Plus, if I need more LoS, I need to order it online and wait (I haven’t been able to find a suitable local source). Since our family raises chickens, we have eggs nearly all the time, and if I run out, there’s always the grocery store!

(So…if it’s so easy, Lynn, would you just get to the instructions? )

This method works equally well for sterling silver (Bali and Hill Tribe included) or copper.

Step One: Hard boil some eggs. I usually use 2-4 eggs depending on how much jewelry I’m oxidizing and how big the pieces are. I usually boil my eggs for about 15 minutes, but seriously, unless you are making extras to eat, it doesn’t matter if you over-boil them and get that green ring around the outside.

Step Two: Before removing the eggs from the boiling water, set up your oxidizing bag. I use a quart-sized zippered plastic bag, you can adjust the size depending on how much jewelry you are oxidizing. Place the jewelry in the bag on a countertop or other surface. Make sure each piece of jewelry is separated, you don’t want them touching each other.

Partially Oxidized

Partially Oxidized

Step Three: Use a metal tongs to remove the eggs from the boiling water. Place them in the open plastic bag. Doesn’t matter where they are in proximity to the jewelry. Close the bag almost all the way (leave a little bit of an opening, the bag will expand with the heat from the eggs.

Step Four: Crush the eggs, shell and all. I use the bottom of a plastic cup, you can also use a spoon or anything that will smash down the eggs inside the bag. The trick is, don’t use your hands — remember you just took those eggs out of boiling water!!! Make sure you crush up the yolks, that’s where all that good sulfur-y chemical to oxidize your metal is going to come from. Close the bag completely after crushing the eggs (don’t worry if there’s extra air in it.)

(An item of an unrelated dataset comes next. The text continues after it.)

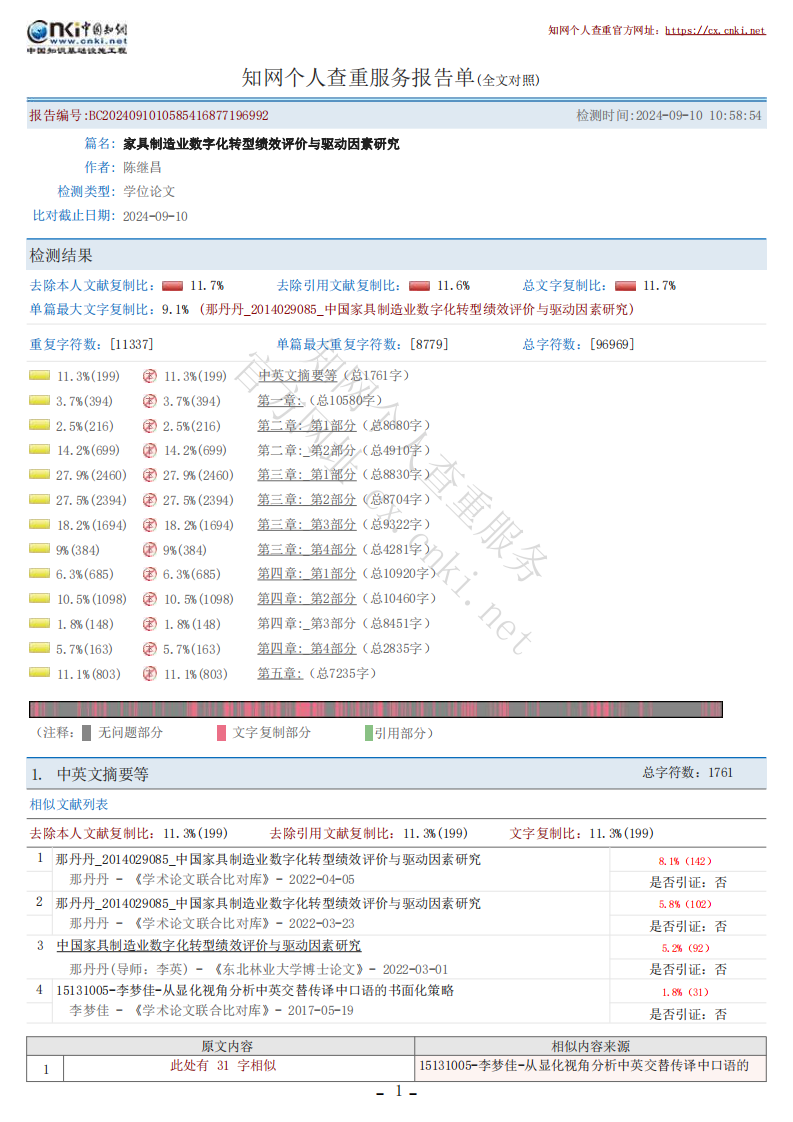 家具制造業(yè)數(shù)字化轉(zhuǎn)型績效評價與驅(qū)動因素研究-第1頁-縮略圖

Step Five: Wait. Turn. Wait some more. Turn again. Rinse, repeat. You’ll see your jewelry start turning goldish brown, gradually turning black. I’ve found that the surface of the jewelry that’s on the counter will not get color as evenly, so I turn the bag over a couple of times during the process. It doesn’t matter if the egg gets all over the jewelry (it will get cleaned off), but you don’t want the metal to touch another piece of metal as you reposition the bag. Generally, about 20-30 minutes is enough time to achieve a nice patina, but you can leave overnight or all day if you’d like.



Step Six: Remove jewelry from bag. Throw away the bag, eggs and all (this is one of the reasons I love this method — clean up is so easy!!). Wash off all the egg that’s gotten on your jewelry.

Use the steps outlined in General Tips on Oxidizing Silver and Copper for a final cleaning and care of your jewelry.

Got kids who are out of ideas for summer vacation or snow-day activities? Let them make some creations with copper wire and then let them oxidize using the egg method (or just oxidize some copper pennies!). Supervise the boiling and crushing of the eggs, but it’s a great science experiment for them to see the metal turn color before their very eyes!